BEGIN Data excerpts

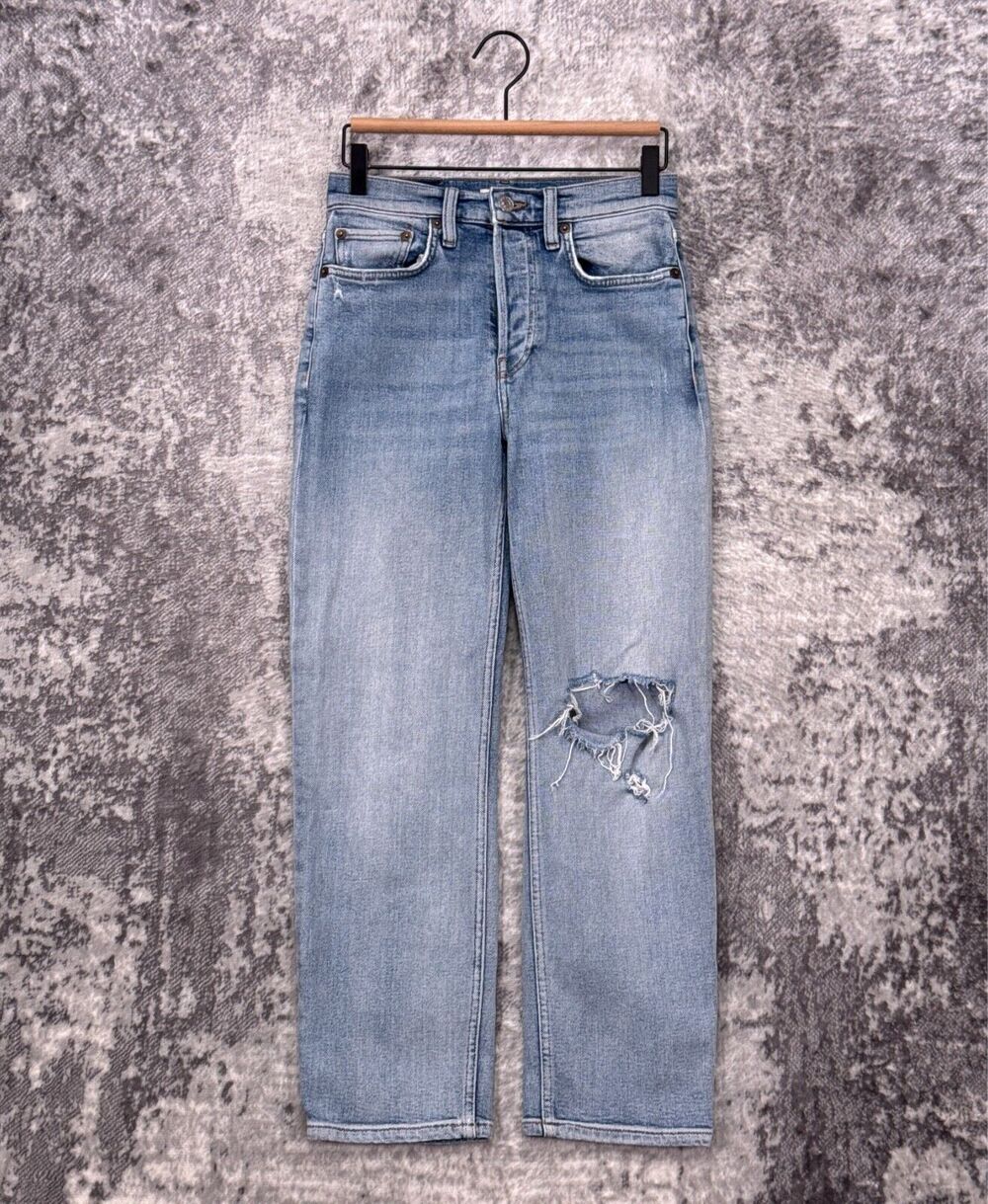 RE/DONE Jeans 25 Womens High Rise Stove Pipe Distress Ripped Denim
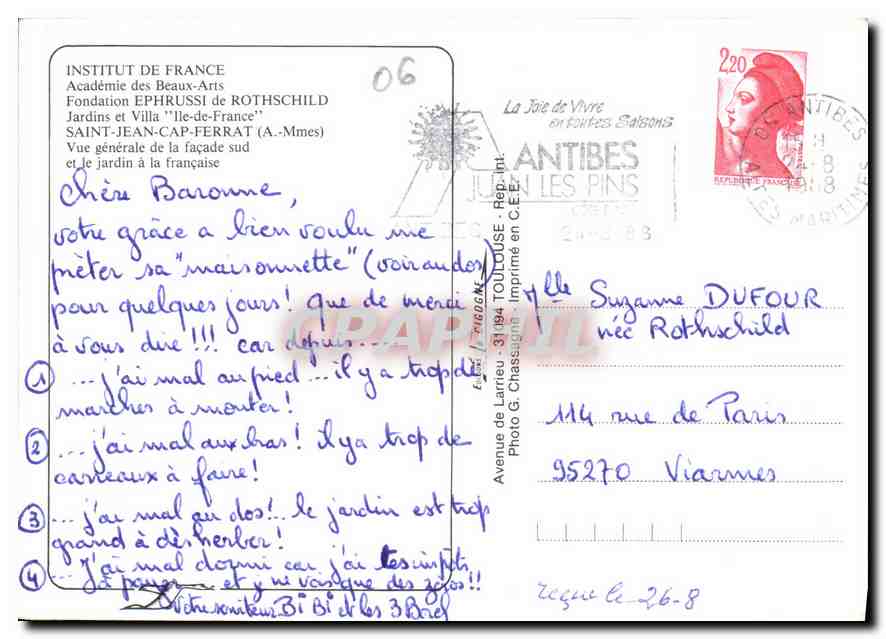 CPM Institut de France Academie des Beaux Arts Fondation Ephrussi de Rothschild Jardins et Villa Ile — Verso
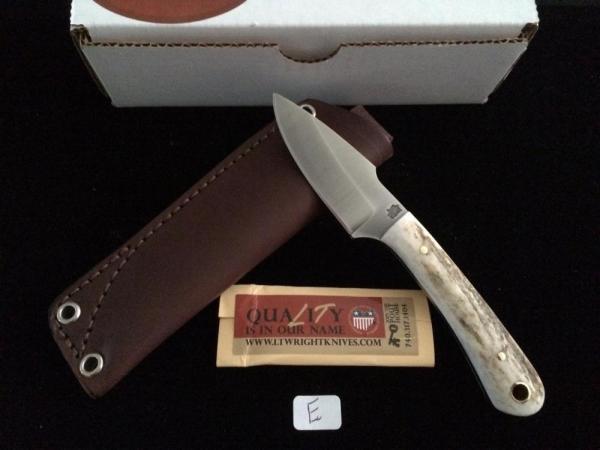 L.T. Wright Handcrafted Knives - Great Plainsman - American Elk Handles  - E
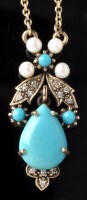 Lot 478 - A Victorian style turquoise, pearl and diamond...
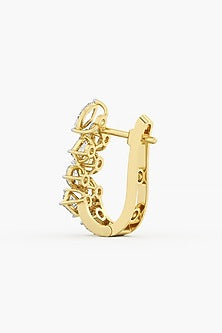 14kt Yellow Gold Finish Round & Oval-Cut Diamond Huggie Earrings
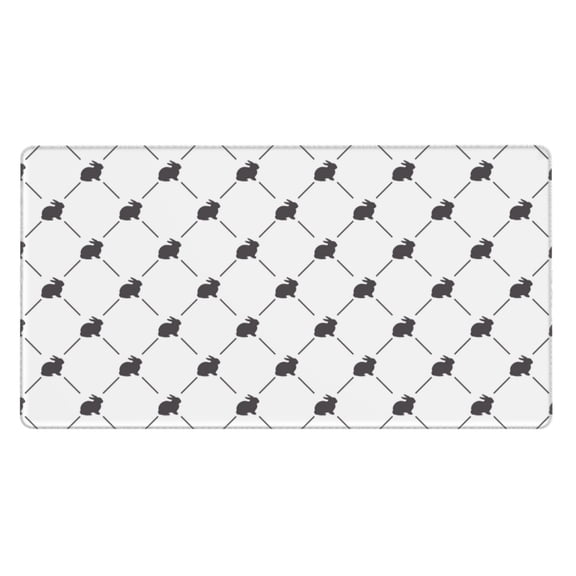 Naloa Black Rabbit Gaming Mouse Pad Large Mouse Mat Long Extended Desk Pad Non-Slip Rubber Mice Pads Stitched Edges Thin Pad (16x29.5 Inch)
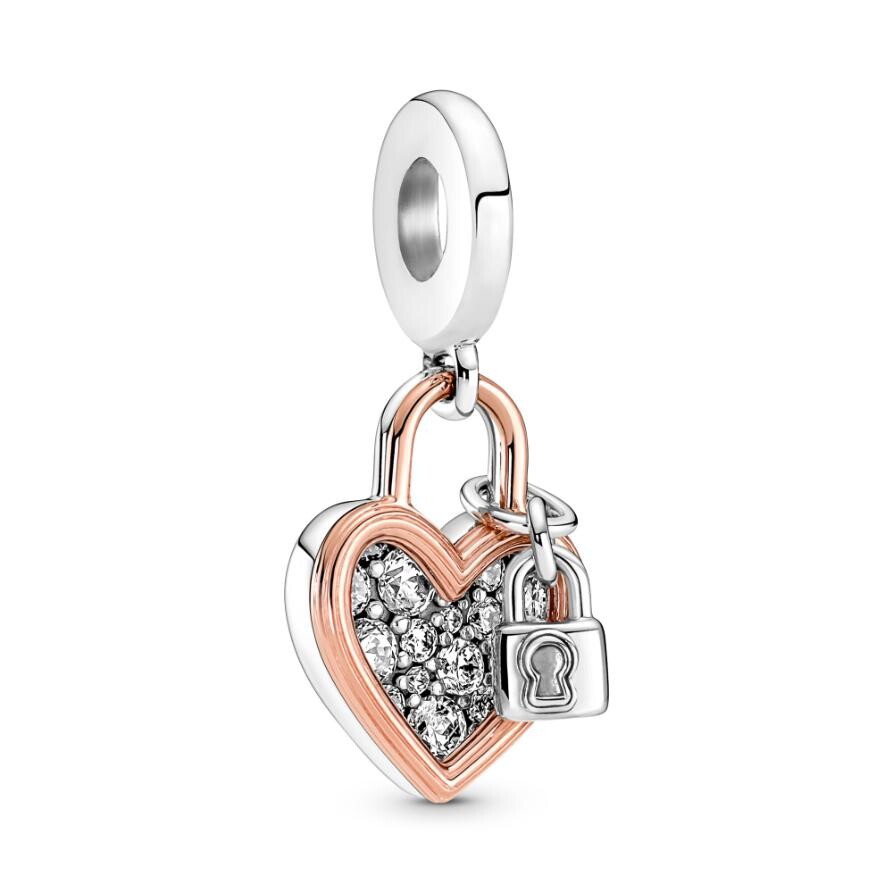 

Шарм Heart Padlock Double Dangle Pandora, двухцветный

END Data excerpts

→ Required action:
Copy the lines from the line that contains "CPM Institut de" through the end of the records, exactly and with nothing added; leave the pictures out.

→ Your response:
 CPM Institut de France Academie des Beaux Arts Fondation Ephrussi de Rothschild Jardins et Villa Ile — Verso
 L.T. Wright Handcrafted Knives - Great Plainsman - American Elk Handles  - E
 Lot 478 - A Victorian style turquoise, pearl and diamond...
 14kt Yellow Gold Finish Round & Oval-Cut Diamond Huggie Earrings
 Naloa Black Rabbit Gaming Mouse Pad Large Mouse Mat Long Extended Desk Pad Non-Slip Rubber Mice Pads Stitched Edges Thin Pad (16x29.5 Inch)

Шарм Heart Padlock Double Dangle Pandora, двухцветный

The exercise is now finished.